-- Information provided --
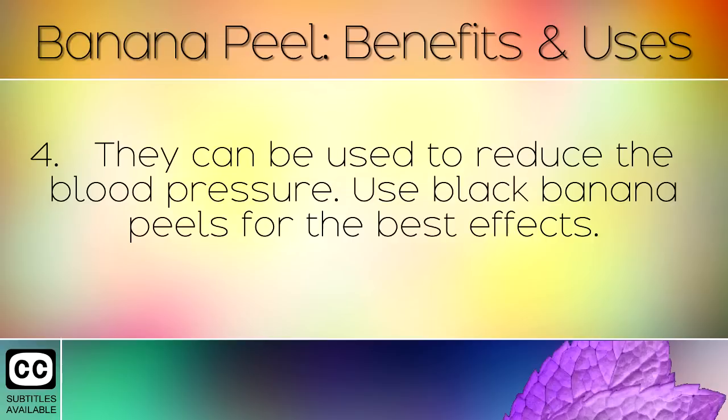They can be used to reduce blood pressure. Use black banana peels for the best effects.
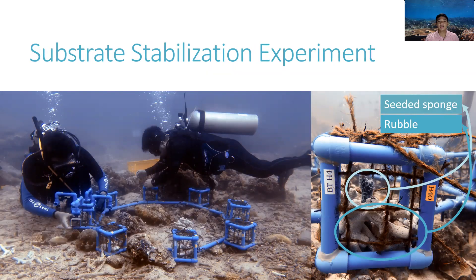Several studies have already been conducted to stabilize rubble. However, few studies have assessed its feasibility in high energy areas. In our study, we used cocoquire mesh as a physical stabilizer and we seeded the experimental setups with sponge to see if this can act as an initial binding organism. We deployed this experiment in areas with direct exposure to natural disturbances.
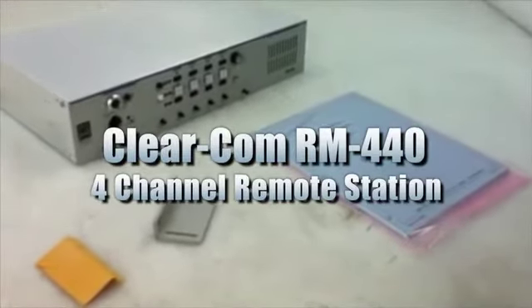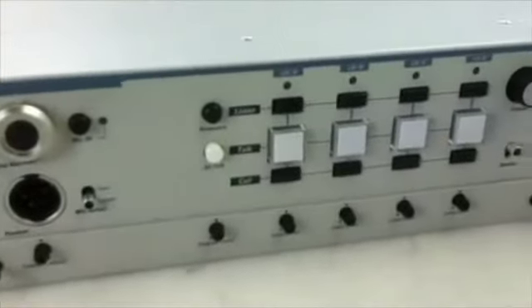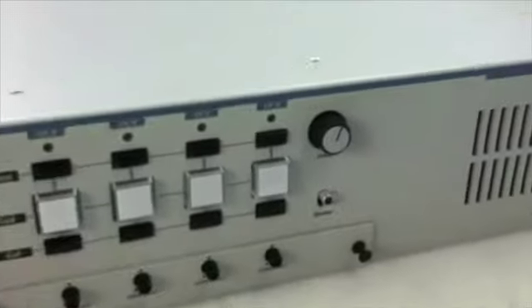This is a ClearCom RM-440 4-channel remote station. This item is unused in the packaging. Please see website for further details.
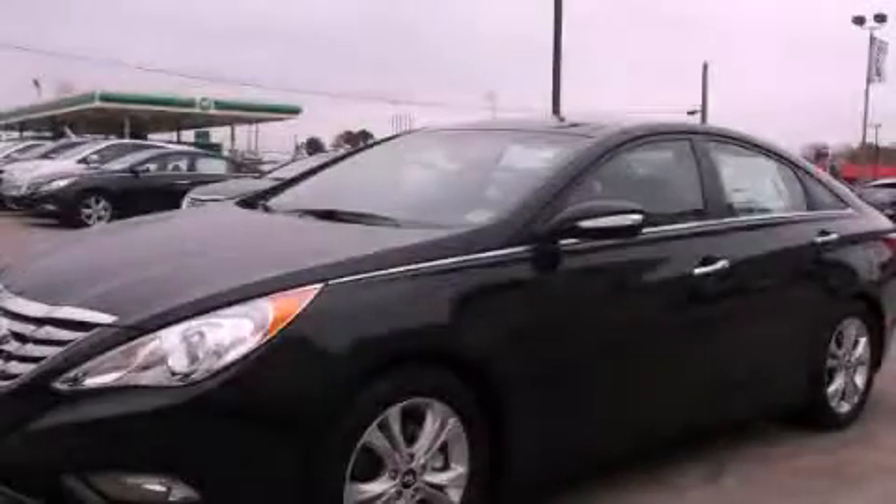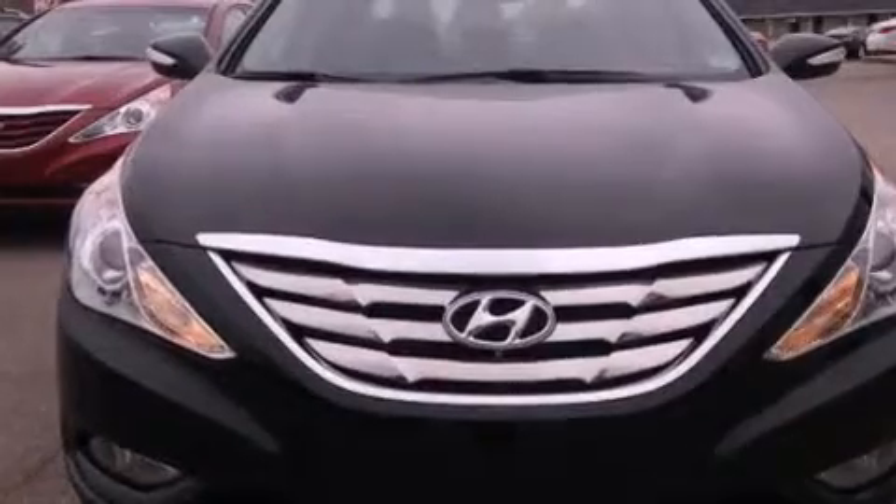This is a brand-new 2013 Hyundai Sonata. It features a 2.4-liter four-cylinder engine and an automatic transmission.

-- Aim of the task --
Excluding images, output exactly the lines from the one that holds "This is a ClearCom" through the final line of the material, both ends included.

-- Solution to this exercise --
This is a ClearCom RM-440 4-channel remote station. This item is unused in the packaging. Please see website for further details.
This is a brand-new 2013 Hyundai Sonata. It features a 2.4-liter four-cylinder engine and an automatic transmission.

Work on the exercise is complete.